Blanche and Rosamund nodded.
“And all you saw within was light? Are you certain there was no image?”
Blanche looked doubtful, but Rosamund shook her head positively. “There was no image, only light, until Blanche overset the bowl and broke the scrying spell. I am sure of it.”
“This is strange indeed,” John murmured. He shook himself, then gave a straightforward account of his own experiences.
“And since I could learn no more where I was, I followed the wizards,” he finished.
“And did you learn more?” Rosamund asked pointedly when John showed no sign of continuing.
“‘Tis conjecture, in the main, pieced together from their conversation,” John said. “The wizards have stolen Hugh’s magic, and ’tis prisoned in that crystal that you saw. I think they do not know what they have done, for they spoke only of ‘Faerie power’ and never of Hugh, and they guard their workroom against all Faerie. ’Tis why I could not enter and take back the crystal while they fought; there is enough of Faerie in me to give their warding spells some purchase.”

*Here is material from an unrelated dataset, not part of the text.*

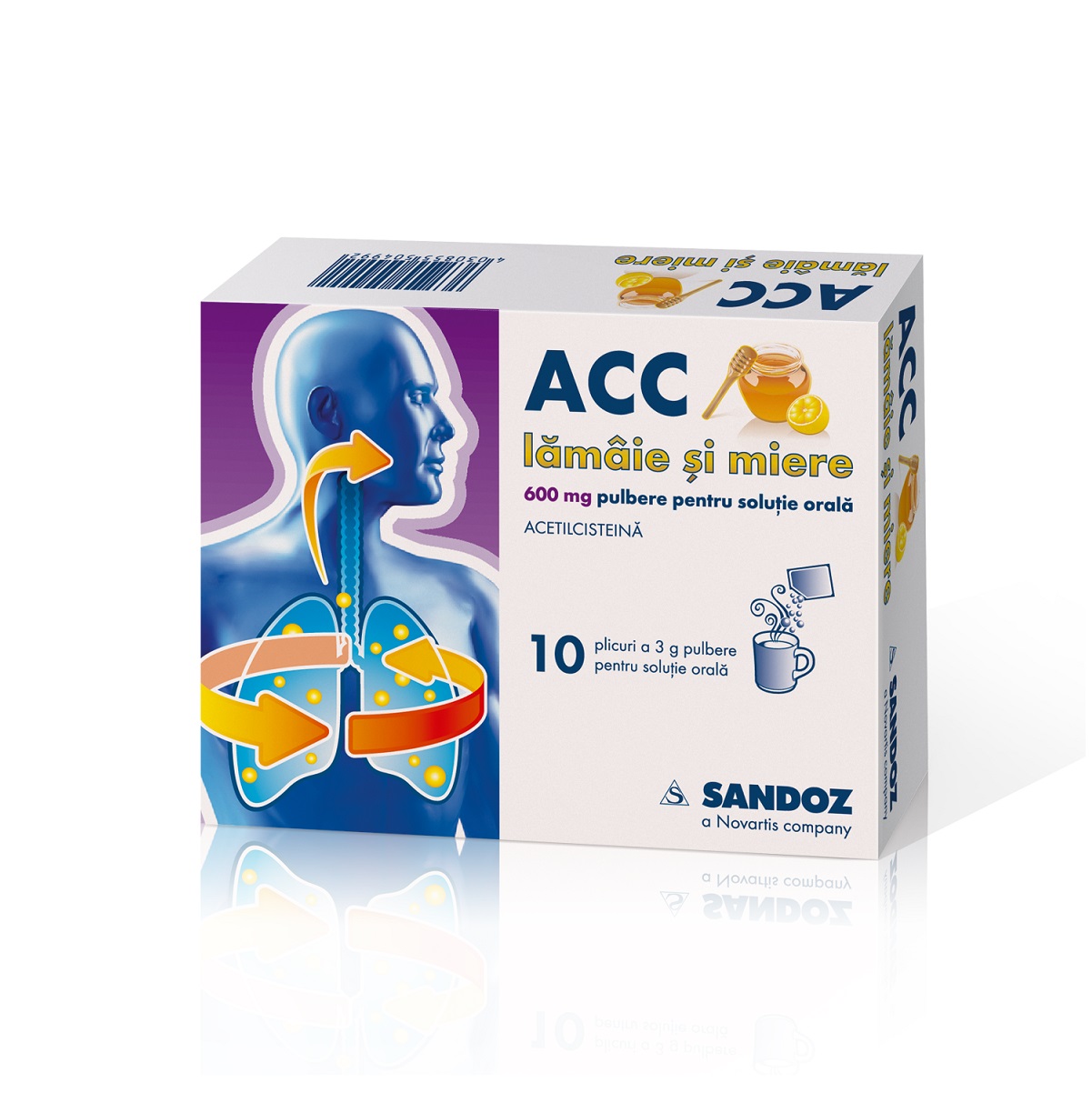 Sistemul respirator - ACC lamaie si miere, 600 mg, 10 plicuri, Sandoz , nordpharm.ro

“Then Blanche or I must find a way,” Rosamund said, as if it were the obvious solution. “We’re only mortal; spells to frustrate Faerie will not ward us off.”
“No,” said the Widow with absolute finality. “I forbid it. Neither thou nor thy sister will go near the house of Master Dee, now or in the future, and there’s an end on’t.”

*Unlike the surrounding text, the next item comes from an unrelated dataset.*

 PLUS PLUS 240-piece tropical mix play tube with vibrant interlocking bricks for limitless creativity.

“But, Mother—” Rosamund started.
“No! Thou‘st done more than is wise already; this time I’ll not be swayed against my better judgment.”
“How else may we free Hugh?” Blanche asked with a calm and overly reasonable air that betrayed her inner tension. “We cannot abandon him now, and I see no other way to help him.”
“Aye, and ‘twill be the end of all this business,” Rosamund added swiftly. “Will it not, John?”
“Nay, ask me not to add my voice to yours,” John said. “In this, I agree with your mother. And I think there is one other path still left to try, ere we are driven to such desperate measures as you propose.”
“What path is that?” Blanche asked warily.
“One that’s mine to deal with,” John answered. “Nay, hear me out! I fear we’ve learned all that we can from Masters Dee and Kelly, and I doubt that we can steal the crystal from them. Their skill’s not small, and they are well protected. But the wizards are not our only rivals in this matter.”
“The oakman, who stole the lamp!” Rosamund interrupted in sudden enlightenment.
John nodded. “And the water fay whose image I saw in the crystal. There’s more here than we know, and till we learn it we may do Hugh more hurt than help by descending on the wizards alone.”